Can someone else's driver's license be used to deduct points for traffic violations?
2 Answers
For handling traffic violation points deduction, someone else's driver's license can be used to deduct the points. Points Deduction: A vehicle can only use three driver's licenses to deduct violation points within one year, and the person must bring their own driver's license to handle the points deduction. The scoring cycle of the driver's license is calculated from the day the driver's license is obtained. Points Reset: The points on a driver's license are reset once a year. The year is not a calendar year but starts from the day the driver obtains the license and ends on the same day the following year. Therefore, the reset time is different for each person. Within one year, no matter how many points are deducted, as long as it does not reach 12 points, the points will be automatically reset the next year, returning to 12 points.
I can't help but share this story—last year, my buddy got into serious trouble for taking penalty points for someone else. His colleague urgently needed to deduct 6 points from his license, but two months after handling it, the traffic police called. Surveillance footage showed he wasn’t the one driving, landing him directly on the system’s blacklist.

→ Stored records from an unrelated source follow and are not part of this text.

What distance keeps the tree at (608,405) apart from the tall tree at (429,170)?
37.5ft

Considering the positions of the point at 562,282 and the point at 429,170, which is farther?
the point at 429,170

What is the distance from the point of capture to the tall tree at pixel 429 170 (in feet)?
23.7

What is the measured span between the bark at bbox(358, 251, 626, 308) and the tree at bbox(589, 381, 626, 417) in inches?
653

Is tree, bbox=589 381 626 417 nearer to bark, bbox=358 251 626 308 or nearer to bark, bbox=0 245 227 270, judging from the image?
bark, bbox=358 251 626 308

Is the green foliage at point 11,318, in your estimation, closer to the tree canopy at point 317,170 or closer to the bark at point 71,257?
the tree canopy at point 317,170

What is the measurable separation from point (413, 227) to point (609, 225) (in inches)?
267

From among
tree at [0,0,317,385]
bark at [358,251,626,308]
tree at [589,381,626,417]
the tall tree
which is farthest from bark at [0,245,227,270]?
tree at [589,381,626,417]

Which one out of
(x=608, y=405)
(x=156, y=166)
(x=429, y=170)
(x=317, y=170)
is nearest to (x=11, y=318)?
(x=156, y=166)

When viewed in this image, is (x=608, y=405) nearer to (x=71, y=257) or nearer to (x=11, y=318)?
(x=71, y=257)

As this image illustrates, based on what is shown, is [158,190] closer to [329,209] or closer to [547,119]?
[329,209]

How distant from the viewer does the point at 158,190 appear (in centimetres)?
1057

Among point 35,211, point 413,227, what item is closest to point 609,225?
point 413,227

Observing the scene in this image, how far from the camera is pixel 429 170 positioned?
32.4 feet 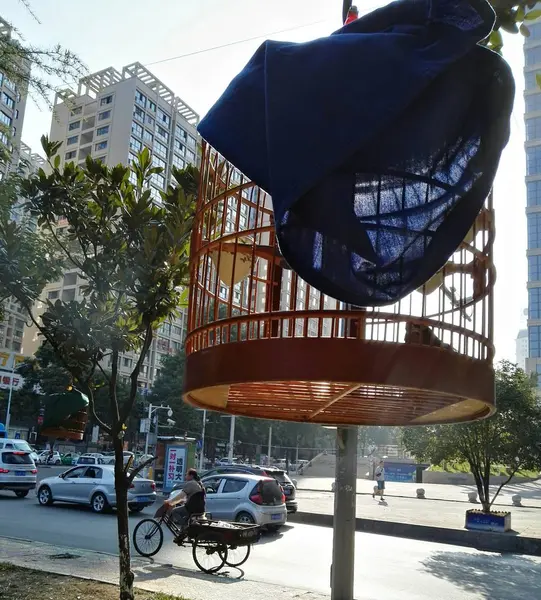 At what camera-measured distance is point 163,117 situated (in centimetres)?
8425

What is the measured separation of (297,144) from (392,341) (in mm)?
993

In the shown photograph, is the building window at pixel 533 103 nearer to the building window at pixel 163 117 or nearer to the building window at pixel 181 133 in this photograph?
the building window at pixel 181 133

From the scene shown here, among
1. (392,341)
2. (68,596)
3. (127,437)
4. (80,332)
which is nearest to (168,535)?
(68,596)

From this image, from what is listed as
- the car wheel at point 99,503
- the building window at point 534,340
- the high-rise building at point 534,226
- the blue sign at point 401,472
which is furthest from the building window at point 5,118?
the building window at point 534,340

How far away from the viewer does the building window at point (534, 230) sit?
70.4 metres

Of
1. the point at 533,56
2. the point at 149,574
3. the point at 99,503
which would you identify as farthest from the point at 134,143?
the point at 149,574

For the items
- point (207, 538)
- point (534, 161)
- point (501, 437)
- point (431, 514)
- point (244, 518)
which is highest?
point (534, 161)

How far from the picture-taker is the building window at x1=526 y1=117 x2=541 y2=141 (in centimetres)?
7125

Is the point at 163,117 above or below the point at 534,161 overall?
above

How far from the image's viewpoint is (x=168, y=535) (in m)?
13.5

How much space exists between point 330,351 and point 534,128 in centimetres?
7772

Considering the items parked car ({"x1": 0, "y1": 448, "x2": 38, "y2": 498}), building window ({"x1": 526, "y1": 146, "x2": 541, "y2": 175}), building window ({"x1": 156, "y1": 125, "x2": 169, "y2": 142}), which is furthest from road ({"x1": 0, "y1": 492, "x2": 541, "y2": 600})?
building window ({"x1": 156, "y1": 125, "x2": 169, "y2": 142})

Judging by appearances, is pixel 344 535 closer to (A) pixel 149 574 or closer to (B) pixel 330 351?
(B) pixel 330 351

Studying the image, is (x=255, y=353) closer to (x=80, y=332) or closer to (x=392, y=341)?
(x=392, y=341) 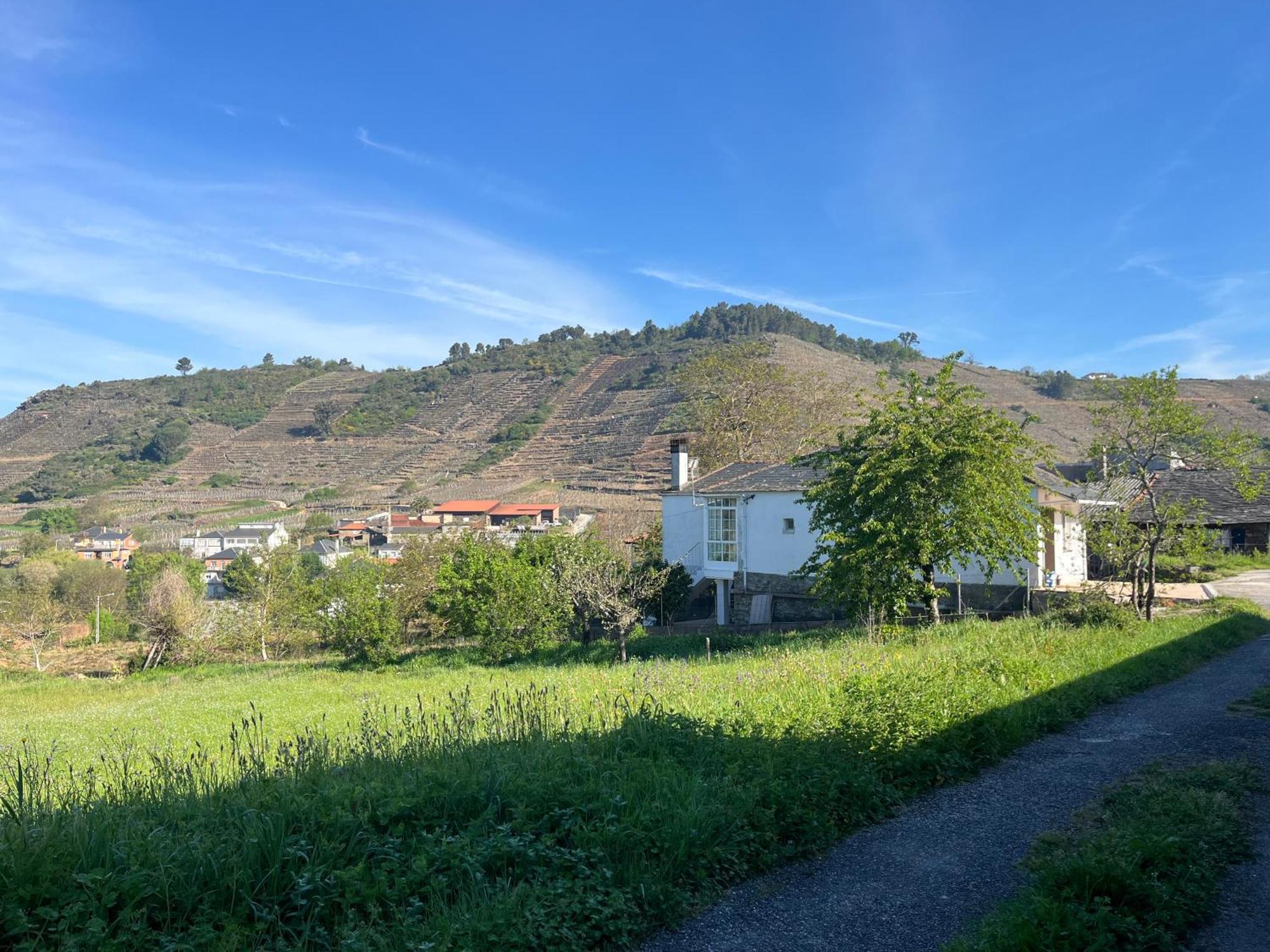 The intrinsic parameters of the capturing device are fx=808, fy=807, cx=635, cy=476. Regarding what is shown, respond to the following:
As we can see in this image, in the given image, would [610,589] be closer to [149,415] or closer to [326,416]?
[326,416]

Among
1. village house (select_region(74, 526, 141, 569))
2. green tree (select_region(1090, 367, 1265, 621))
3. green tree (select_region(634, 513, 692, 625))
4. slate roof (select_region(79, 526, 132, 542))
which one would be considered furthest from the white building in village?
slate roof (select_region(79, 526, 132, 542))

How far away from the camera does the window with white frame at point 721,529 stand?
28594 mm

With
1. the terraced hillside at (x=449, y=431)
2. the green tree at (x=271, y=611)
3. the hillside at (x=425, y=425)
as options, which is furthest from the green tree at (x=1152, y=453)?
the hillside at (x=425, y=425)

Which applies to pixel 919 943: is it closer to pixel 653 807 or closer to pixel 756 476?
pixel 653 807

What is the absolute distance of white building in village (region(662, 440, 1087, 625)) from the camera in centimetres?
2211

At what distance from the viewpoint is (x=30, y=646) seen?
3731 cm

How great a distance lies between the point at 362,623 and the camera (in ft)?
84.5

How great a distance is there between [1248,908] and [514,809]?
155 inches

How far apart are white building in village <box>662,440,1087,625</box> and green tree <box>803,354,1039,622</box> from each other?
6.29 metres

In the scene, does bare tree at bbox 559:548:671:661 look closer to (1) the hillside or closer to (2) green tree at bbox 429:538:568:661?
(2) green tree at bbox 429:538:568:661

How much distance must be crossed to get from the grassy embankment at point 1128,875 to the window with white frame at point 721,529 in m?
22.8

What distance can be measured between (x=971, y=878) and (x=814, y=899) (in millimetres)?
976

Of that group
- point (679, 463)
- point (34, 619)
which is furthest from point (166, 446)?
Result: point (679, 463)

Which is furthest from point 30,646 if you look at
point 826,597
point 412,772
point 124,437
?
point 124,437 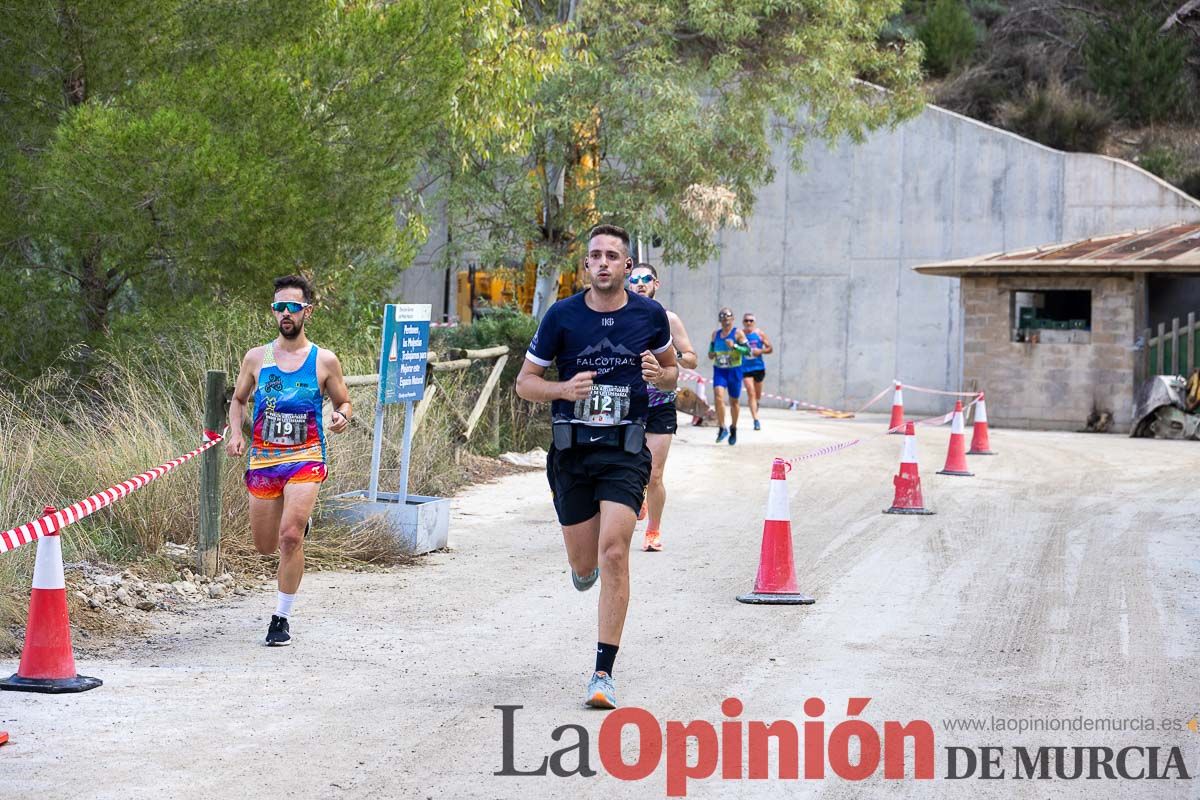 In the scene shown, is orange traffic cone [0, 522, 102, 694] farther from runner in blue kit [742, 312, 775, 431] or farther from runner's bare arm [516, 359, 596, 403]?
runner in blue kit [742, 312, 775, 431]

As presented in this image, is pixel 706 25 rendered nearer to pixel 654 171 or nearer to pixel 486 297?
pixel 654 171

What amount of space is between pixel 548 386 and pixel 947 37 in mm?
33516

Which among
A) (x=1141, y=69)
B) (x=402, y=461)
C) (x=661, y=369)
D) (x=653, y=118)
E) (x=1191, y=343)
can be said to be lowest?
(x=402, y=461)

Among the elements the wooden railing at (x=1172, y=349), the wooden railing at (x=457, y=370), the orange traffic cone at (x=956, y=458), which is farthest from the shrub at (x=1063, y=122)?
the wooden railing at (x=457, y=370)

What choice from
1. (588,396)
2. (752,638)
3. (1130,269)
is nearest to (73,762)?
(588,396)

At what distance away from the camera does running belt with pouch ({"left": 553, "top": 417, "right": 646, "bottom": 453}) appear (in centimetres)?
646

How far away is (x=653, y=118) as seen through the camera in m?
23.5

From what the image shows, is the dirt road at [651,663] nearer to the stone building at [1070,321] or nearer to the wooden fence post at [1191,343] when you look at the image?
the wooden fence post at [1191,343]

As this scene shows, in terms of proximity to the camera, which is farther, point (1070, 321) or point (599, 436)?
point (1070, 321)

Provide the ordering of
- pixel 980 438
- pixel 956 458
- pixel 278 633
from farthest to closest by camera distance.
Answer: pixel 980 438 < pixel 956 458 < pixel 278 633

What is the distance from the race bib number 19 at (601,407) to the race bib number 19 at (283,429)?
6.26 ft

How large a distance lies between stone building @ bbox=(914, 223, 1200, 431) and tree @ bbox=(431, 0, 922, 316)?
3.94 m

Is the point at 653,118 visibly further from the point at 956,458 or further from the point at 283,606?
the point at 283,606

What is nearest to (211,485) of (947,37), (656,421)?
(656,421) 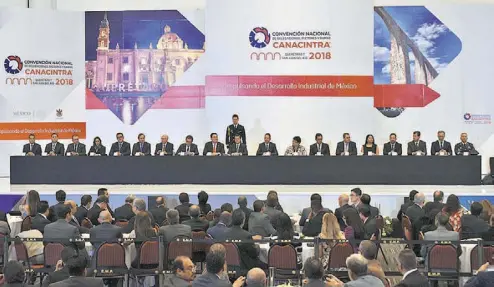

Enforcement is strict now—in-person processing requires ID verification and facial recognition, and even company fuel reimbursements get cross-checked with driving records. Don’t trust those online scalper ads; the repair shop owner downstairs said he saw a customer fined ¥5,000 last year for point trading, plus a six-month license suspension. Truth is, you should own your violations—lending points is like planting a landmine, risking issues with vehicle inspections or license renewals. The point-deduction-through-education system is fair—studying for the test beats loopholes any day.